> _Work task_
Output consists of the line that contains "Mosquito Joe Elimination" plus every later line of the material below, each one duplicated exactly.

> _Listed records_
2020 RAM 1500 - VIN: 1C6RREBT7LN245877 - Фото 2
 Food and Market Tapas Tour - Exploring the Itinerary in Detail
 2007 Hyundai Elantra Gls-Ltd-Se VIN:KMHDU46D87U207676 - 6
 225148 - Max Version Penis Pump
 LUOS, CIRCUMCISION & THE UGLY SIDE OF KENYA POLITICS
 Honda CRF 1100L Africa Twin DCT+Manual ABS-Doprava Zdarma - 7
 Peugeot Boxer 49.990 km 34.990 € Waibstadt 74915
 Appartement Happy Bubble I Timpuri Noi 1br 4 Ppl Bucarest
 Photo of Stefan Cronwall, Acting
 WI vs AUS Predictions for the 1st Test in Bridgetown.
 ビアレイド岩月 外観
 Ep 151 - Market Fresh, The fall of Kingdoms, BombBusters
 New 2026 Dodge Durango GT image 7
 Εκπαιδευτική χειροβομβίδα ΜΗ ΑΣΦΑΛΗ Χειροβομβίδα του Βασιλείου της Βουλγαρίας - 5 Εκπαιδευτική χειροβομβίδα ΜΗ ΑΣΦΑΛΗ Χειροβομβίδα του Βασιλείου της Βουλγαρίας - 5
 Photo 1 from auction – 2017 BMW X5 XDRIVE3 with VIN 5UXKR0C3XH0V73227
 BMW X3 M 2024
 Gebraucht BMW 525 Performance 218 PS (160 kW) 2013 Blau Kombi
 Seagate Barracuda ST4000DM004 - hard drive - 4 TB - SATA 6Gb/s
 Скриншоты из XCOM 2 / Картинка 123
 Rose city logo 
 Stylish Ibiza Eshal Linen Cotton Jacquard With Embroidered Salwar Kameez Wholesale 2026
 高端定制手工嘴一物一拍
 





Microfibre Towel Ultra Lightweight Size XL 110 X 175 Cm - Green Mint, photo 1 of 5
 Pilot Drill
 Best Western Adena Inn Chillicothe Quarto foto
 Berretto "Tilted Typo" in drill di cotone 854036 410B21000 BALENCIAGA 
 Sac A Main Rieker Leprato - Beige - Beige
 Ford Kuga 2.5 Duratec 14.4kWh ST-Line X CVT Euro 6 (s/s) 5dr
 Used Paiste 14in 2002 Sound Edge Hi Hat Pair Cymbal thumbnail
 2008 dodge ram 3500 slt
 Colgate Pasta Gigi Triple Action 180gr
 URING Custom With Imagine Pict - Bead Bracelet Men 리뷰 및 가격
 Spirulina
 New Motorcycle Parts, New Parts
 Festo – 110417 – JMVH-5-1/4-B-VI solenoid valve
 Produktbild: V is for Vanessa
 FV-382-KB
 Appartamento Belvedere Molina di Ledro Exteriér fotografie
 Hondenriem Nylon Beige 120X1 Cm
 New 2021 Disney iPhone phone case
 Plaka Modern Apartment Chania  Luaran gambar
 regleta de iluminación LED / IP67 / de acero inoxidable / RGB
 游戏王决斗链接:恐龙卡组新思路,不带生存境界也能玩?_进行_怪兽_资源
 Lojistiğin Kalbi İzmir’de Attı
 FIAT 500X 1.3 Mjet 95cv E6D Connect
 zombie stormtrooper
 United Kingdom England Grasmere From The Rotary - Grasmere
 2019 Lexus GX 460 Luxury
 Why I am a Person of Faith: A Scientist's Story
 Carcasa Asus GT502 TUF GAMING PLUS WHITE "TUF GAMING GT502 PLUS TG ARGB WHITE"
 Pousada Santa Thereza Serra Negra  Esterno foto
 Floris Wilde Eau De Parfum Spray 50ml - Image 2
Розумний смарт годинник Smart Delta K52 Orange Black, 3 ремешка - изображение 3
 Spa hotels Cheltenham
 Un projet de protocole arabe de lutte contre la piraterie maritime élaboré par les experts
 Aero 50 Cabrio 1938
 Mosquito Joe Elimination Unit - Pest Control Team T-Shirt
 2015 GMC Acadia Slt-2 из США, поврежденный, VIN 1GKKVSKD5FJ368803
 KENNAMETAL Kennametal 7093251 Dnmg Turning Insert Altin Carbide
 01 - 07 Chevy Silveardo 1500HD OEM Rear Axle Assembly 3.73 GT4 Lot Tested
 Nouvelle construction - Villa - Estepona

> _Written solution_
 Mosquito Joe Elimination Unit - Pest Control Team T-Shirt
 2015 GMC Acadia Slt-2 из США, поврежденный, VIN 1GKKVSKD5FJ368803
 KENNAMETAL Kennametal 7093251 Dnmg Turning Insert Altin Carbide
 01 - 07 Chevy Silveardo 1500HD OEM Rear Axle Assembly 3.73 GT4 Lot Tested
 Nouvelle construction - Villa - Estepona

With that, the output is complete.